24-hour room service: Pavillon de la Reine, Paris
A chic, discreet address that's fit for a queen
Saturday 13 November 2010
Paris is good at showing off. The haute couture, the Michelin stars, the muscular Haussmann architecture. But you get the feeling that it knows it, too. And less is more, right? A palace hotel is all very well, but where's the glamour in that elegant, doormen-shielded entrance sitting next to a string of souvenir stalls peddling Eiffel tower snow-globes and Toulouse-Lautrec posters? Paris-luxe comes with crowds attached and all the accoutrements that follow.
For a truly sophisticated experience of Paris you have to go slightly off the tourist map. The Marais is no secret, but Paris's oldest quarter bears none of the big-hitting attractions that attract long queues and wheeling hawkers. This bourgeois district is of palatable proportions, made up of atmospheric lanes, bijou museums, boho cafés, a Jewish quarter and 17th-century architecture.
At its heart is the 1605 Place des Vosges, the city's oldest planned square that, pre-Revolution, was known as the Place Royale. It's a suitably regal location for the Pavillon de la Reine.
The hotel is tucked discreetly behind some serious-looking art galleries on the square's northerly arcade – no Toulouse-Lautrec posters here. The building, commissioned along with the rest of the square by Henry IV in homage to his reine, is an exercise in measured elegance. For a start, there are no doormen. You'd almost miss the entrance if you weren't looking for it: an alley siphons off the arcade to emerge at a small lawn and behind it, the ivy-clad hotel.
To step inside is to enter a warm, cosseting environment – all low ceilings, genial staff and regal hues of red and gold. The ambience is suspended somewhere between a very impressive private home and a chic guesthouse. The service is personal and relaxed, the proportions intimate, the lighting dusky and the décor inviting. Which is perhaps why guests – many of them as illustrious as those that originally frequented the building – keep returning.
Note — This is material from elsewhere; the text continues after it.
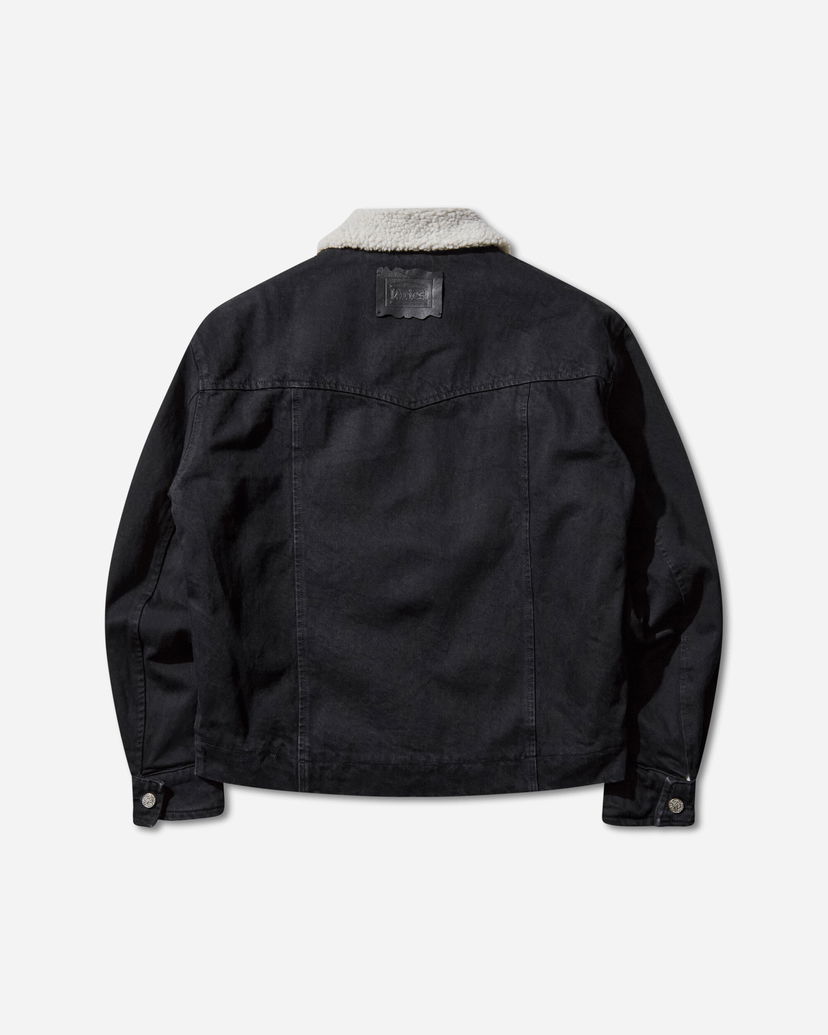 Frakker Aries Sherpa Denim Car Coat Sort | AR7120004 Black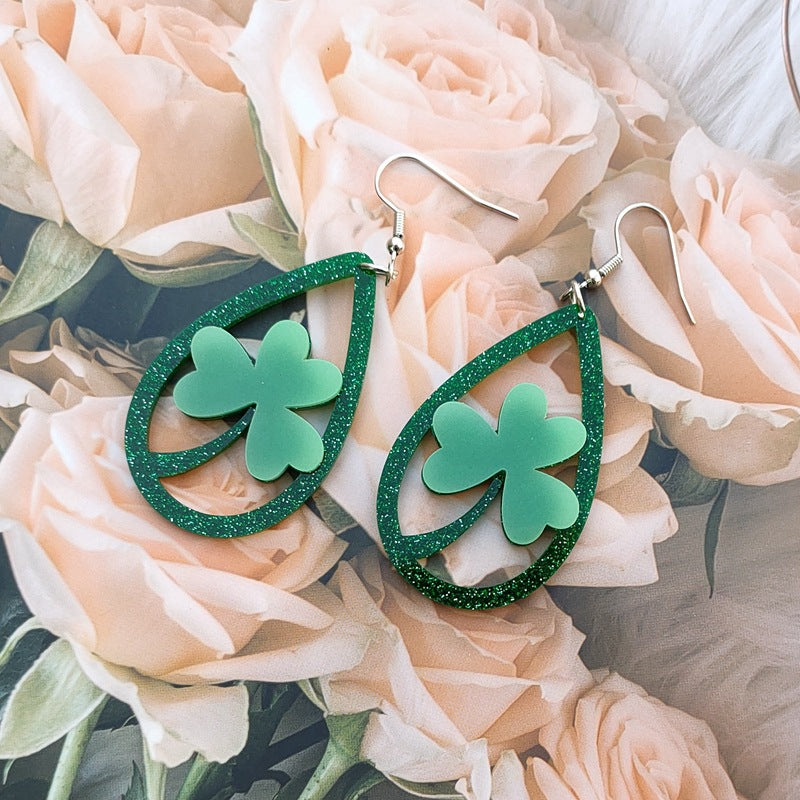 Wholesale Ireland St. Patrick's Day Jewelry Acrylic Luminous Clover Earrings Carnival Party Earrings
Tucked behind the northern arcade of the Place des Vosges, a square of well-tended lawn, box trees and fountains that is surrounded by elegant red brick and stone buildings with steeply-pitched roofs. It shares its location with the Victor Hugo museum where the legendary writer once lived, but this is the only place you're likely to encounter any bustle. Otherwise, it's a tranquil spot that allows you to melt into the everyday life of this elegant corner of town.
The Marais is far enough from the maelstrom of the Louvre and Tuileries but still within walking distance of the main tourist sites. Closer to hand, the district is stuffed with small-scale attractions such as the Picasso and Carnavalet Museums, cafés and boutiques.
A recent refurbishment has upped the decadence quotient in the 54 rooms, with a reputed €120,000 spent on some of them. It's patently obvious in some, like the Suite de la Reine with its double-height ceilings and oversize panel of Victor Hugo's handwriting reproduced above the bed.
My junior suite was perfectly well-dressed but a little demure for a hotel with such history – and a €700-a-night rack rate. Walls were lined with oatmeal-hued felt and photography of purple tulips, windows were hung with heavy linen curtains – but overall the lines were sharp and a little plain. In fact, it wouldn't have looked out of place in a five-star business hotel. Happily, the majority of the rooms here are rich with sultry atmosphere and romance, with 17th-century beams, silk damask wallpaper and velvet sofas. Some of the smallest aren't to be overlooked either, especially those in the eaves with dormer windows overlooking the peaceful streets.
The refurbishment has also added a spa, branded by Carita (creators of Brigitte Bardot's iconic hairstyle). It offers indulgent treatments, a gym, Jacuzzi and steam room.
Breakfast is served in the drawing room, where orange damask wallpaper, gilt frames, white tablecloths, velvet armchairs and a bookcase stocked with anything from Raspail to encyclopaedias set the scene.
Later in the day, an honesty bar takes over. There's no restaurant, but with so much to tempt you off the premises, it's of little significance; plus it keeps the hotel to the guests. Here, less is definitely more.
Pavillon de la Reine, 28 Place des Vosges, Marais, Paris, France (00 33 1 40 29 19 19; pavillon-de-la-reine.com)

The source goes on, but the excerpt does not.